5 de diciembre de 2012

Tolivia

   Cerca del límite entre Asturias y León, en la orilla del río Sella, nace una senda imposible que llega a un pueblo inverosímil. Y es que el camino, dificultoso y arduo, parece sacado del mismo Tíbet. Senda estrecha, caídas de pendiente inquietante; una subida que te hace preguntar a cada rato: ¿pero cómo hicieron un pueblo allí arriba? Pues no lo sé. El caso es que Tolivia lleva varias décadas abandonado y nadie de la expedición se preguntó la razón de esto último, era evidente. El paisaje es maravilloso y la llegada a la aldea perdida -mucho más perdida que la de Palacio Valdés- tuvo algo de descubrimiento y de irrupción en un lugar sagrado en el que no nos correspondía penetrar. Nos recibió una pequeña iglesia con su diminuto cementario, en el que una solitaria lápida nos admitió con frialdad. Las casas en ruinas parecían el decorado de una novela llena de nostalgia, pena y tristeza, un libro no apto para momentos de melancolía. Pero el entorno es tan bello que probablemente la citada obra albergaría una historia plena de vida, donde los sentimientos fueran protagonistas y la pasión se convirtiera en un catalizador de la narración. Solo faltaba el susurro inquietante de un Pedro Páramo norteño.

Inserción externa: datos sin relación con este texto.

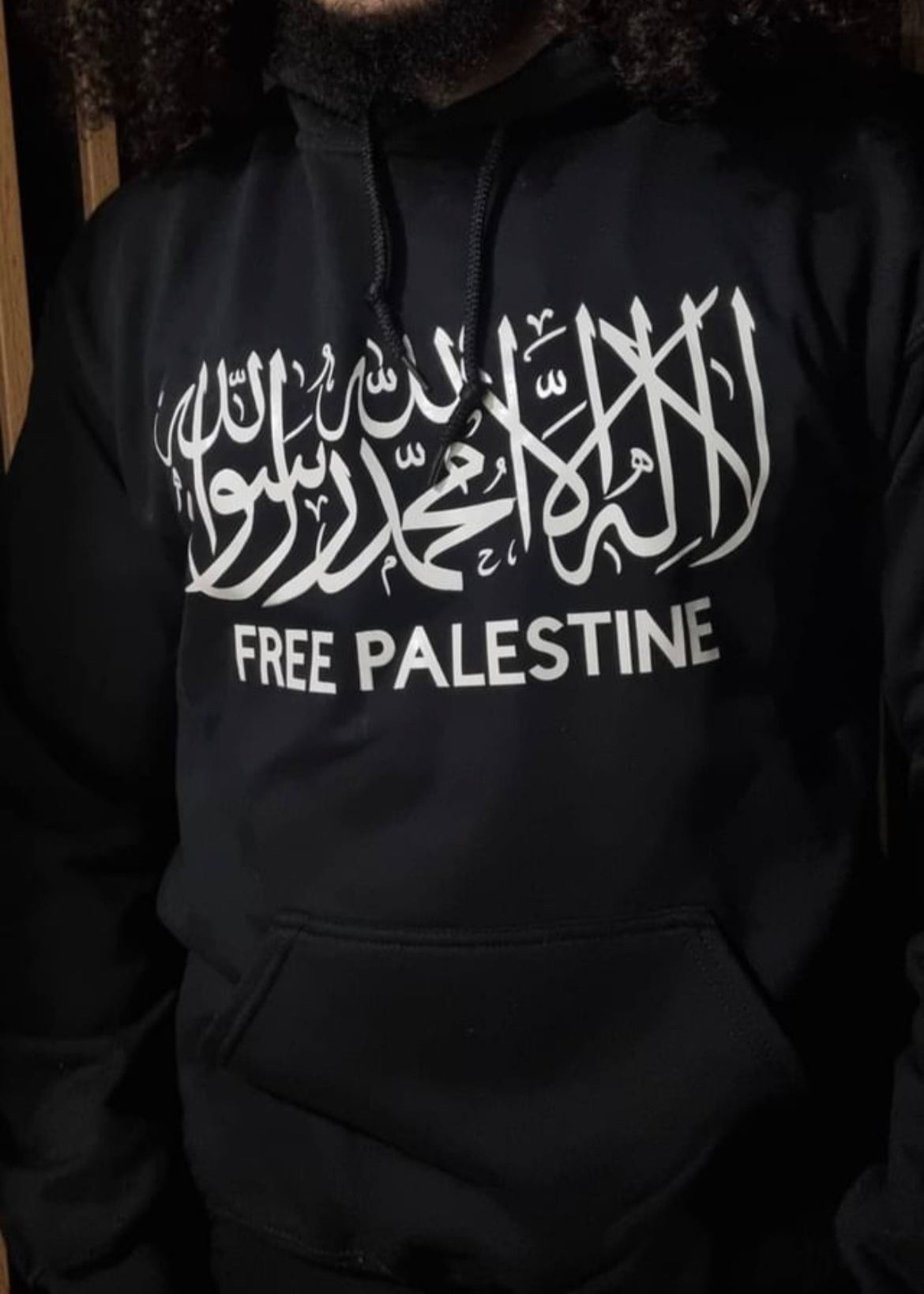 Person wearing a black hoodie with 'Free Palestine' text in white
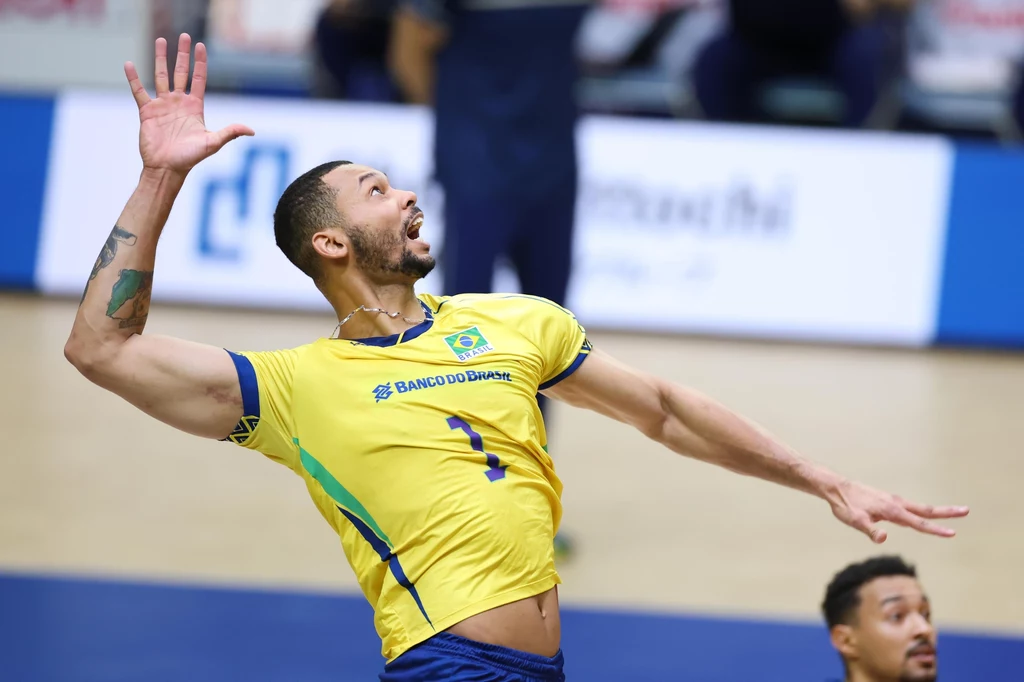 Zawodnik brazylijskiej reprezentacji siatkarskiej w żółto-zielonej koszulce wykonuje dynamiczny wyskok, przygotowując się do zagrania piłki podczas meczu, w tle widoczny jest fragment hali sportowej i inny zawodnik.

 Cuando los vericuetos del camino lo permiten, el descenso es un mirador permanente de vistas panorámicas, un alarde de la naturaleza.
   Al llegar a casa, me repuse del cansancio con unos higos, alimento de atletas y filósofos, según Platón. Y es que en la Grecia clásica, cuando fundaban una nueva ciudad, se plantaba una higuera para señalar el lugar de reunión de los ancianos, portadores de la sabiduría. Era tan importante este fruta que había una casta de sacerdotes, los sicofantes, cuya función era anunciar de forma oficial su maduración. También denunciaban su contrabando y la palabra extendió su significado a toda clase de delatores, impostores y calumniadores.
   Una buena forma de recuperarse del esfuerzo; evocar lo visto para no olvidarlo.